→ **WHAT YOU WILL DO**: Below are the entries. Print only the lines starting at the one with "CHARACTER HOUSE NEAR LA ROCHELLE - 9795PO" and ending at the one with "Move-In Ready! Fresh", exactly, with no pictures.

→ **DATA FOR REVIEW**:

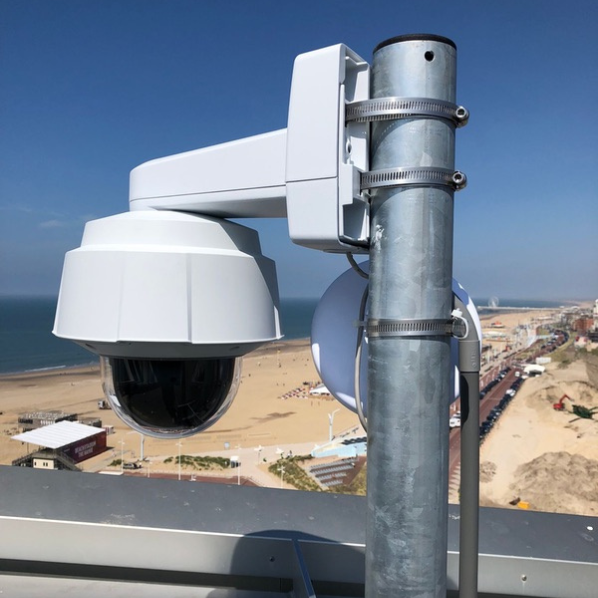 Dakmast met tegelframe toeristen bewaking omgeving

---

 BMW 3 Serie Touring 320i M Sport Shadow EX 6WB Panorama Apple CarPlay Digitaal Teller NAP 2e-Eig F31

* * *

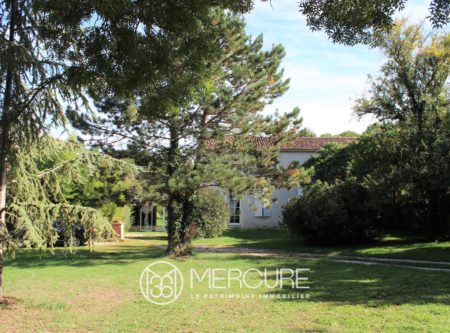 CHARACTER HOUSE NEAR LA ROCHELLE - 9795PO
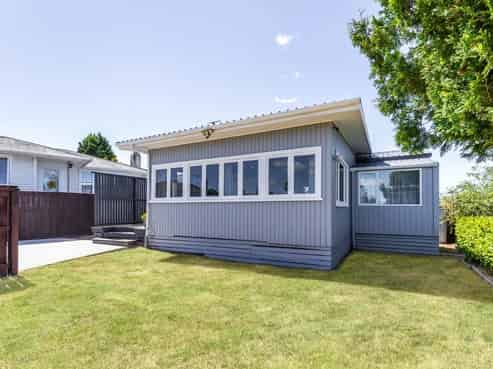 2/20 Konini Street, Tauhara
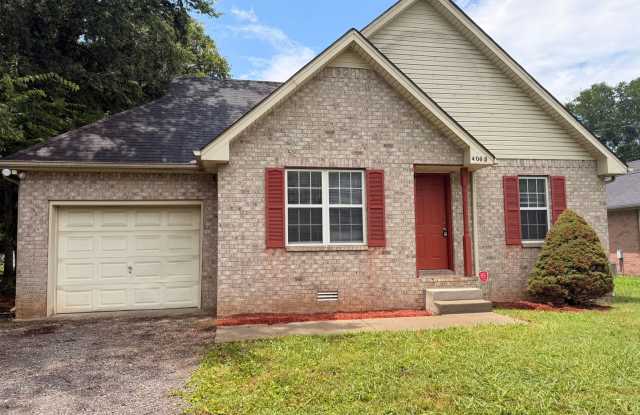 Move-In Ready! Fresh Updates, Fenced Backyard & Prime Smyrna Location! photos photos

→ **SOLUTION TO THE EXERCISE**:
 CHARACTER HOUSE NEAR LA ROCHELLE - 9795PO
 2/20 Konini Street, Tauhara
 Move-In Ready! Fresh Updates, Fenced Backyard & Prime Smyrna Location! photos photos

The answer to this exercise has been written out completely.